Writing is about realising dreams – my dream of being a writer, my dream world, and also the dreams of other people reflected through characters.
My dream world – the world I created for the Bremmand Chronicles – all started with Robin Hood. In my mid-teens, a new version of that very British folk tale was produced on British TV – retelling the story of a fight against injustice and the struggle of the “righteous” Saxons against the “wicked” Norman occupiers. Of course, as any historian will point out, the situation was nothing like as clear-cut as this but let’s not ruin a good story with the facts! In the 1984 production, Robin of Sherwood was played by a tall dark and handsome young actor who was just the kind of chap that was likely to appeal to a teenager. And he certainly appealed to me! Of course, it was highly implausible that Robin Hood had a mullet hairstyle, and, being a Saxon, probably wouldn’t have been dark, but it had me glued to the TV each week.
Even then, I had the creative mind of a writer so, as well as swooning over Michael Praed, the series germinated the seeds of an idea in my mind. I began to play with those ideas, to adapt the legends and think about what might realistically happen in case of an invasion and a righteous rebellion against occupation. So, the Kingdom of Bremmand emerged.
I knew that, in any story I wrote, I didn’t want to write a truly historical tale. This was partly because I’m not a diligent person and the type of research required to write historical fiction is beyond me but it was mainly because I wanted to write my own stories. I wanted the freedom to create characters, to bend them to my will and to put them in situations that were of my own creation.
To begin with, Bremmand was modelled very tightly on Norman Britain and a lot of those elements remain – a feudal society, governed by a King and managed by a network of Regional Lords (the British Barons of the 13th century). For most people in 11th century Britain, the day-to-day changed relatively little under the Norman rule, so it soon became clear that, just as any Saxon rebellion against the Norman’s fizzled out very swiftly, my Kingdom would need a lot incentive to want to fight back.

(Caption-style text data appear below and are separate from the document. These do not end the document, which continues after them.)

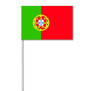Drapeaux 14x21 Portugal à agiter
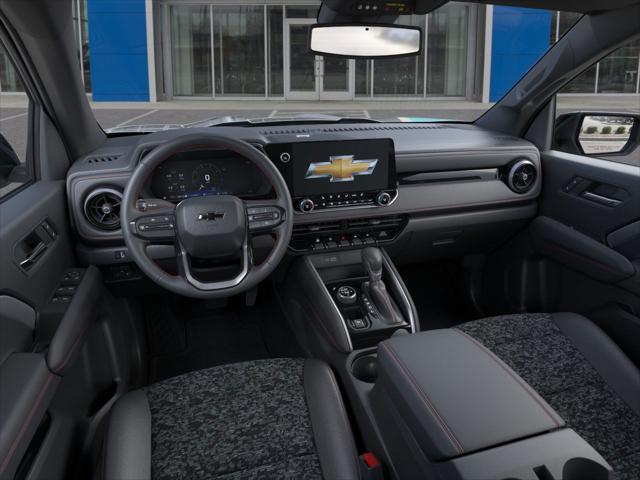 new 2025 Chevrolet Colorado car, priced at $48,774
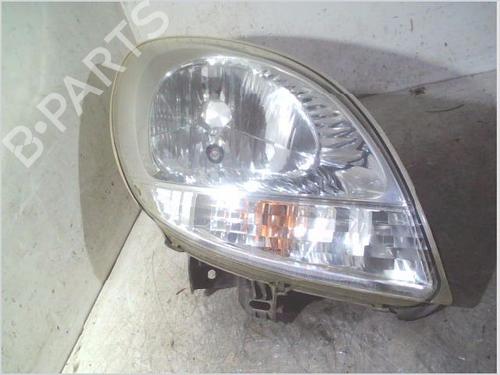 Lyskaster høyre RENAULT KANGOO Express (FC0/1_) 1.5 dCi (FC1E) (68 hp) 30002194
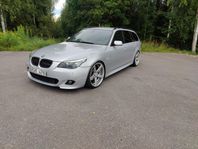 BMW 525 d Touring M Sport Euro 4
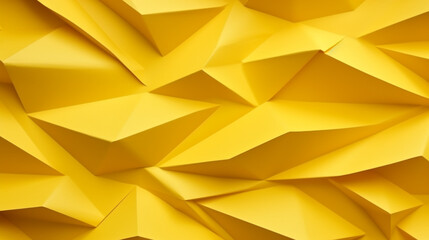 Yellow abstract background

That realisation drifted me in the direction of another invasion of Britain, one which took place some 1000 years earlier, when the Roman’s arrived in Kent. This invading force was one ruled by extreme efficiency and (sometimes) extreme brutality and some of the tribes of England took great exception (Boadicea – remember her? She is still an icon of British defiance even now). The Roman Empire was a military and administrative machine of great sophistication and their domination of a territory led to complete subjugation of a nation into its own ways of doing things. They are a perfect enemy and a have become a significant model for the Kostinian Empire of my books, with a dash of the Mongol hordes and the odd influence of the Chinese dynastic model, plus borrowed technology from a range of other ancient civilisations.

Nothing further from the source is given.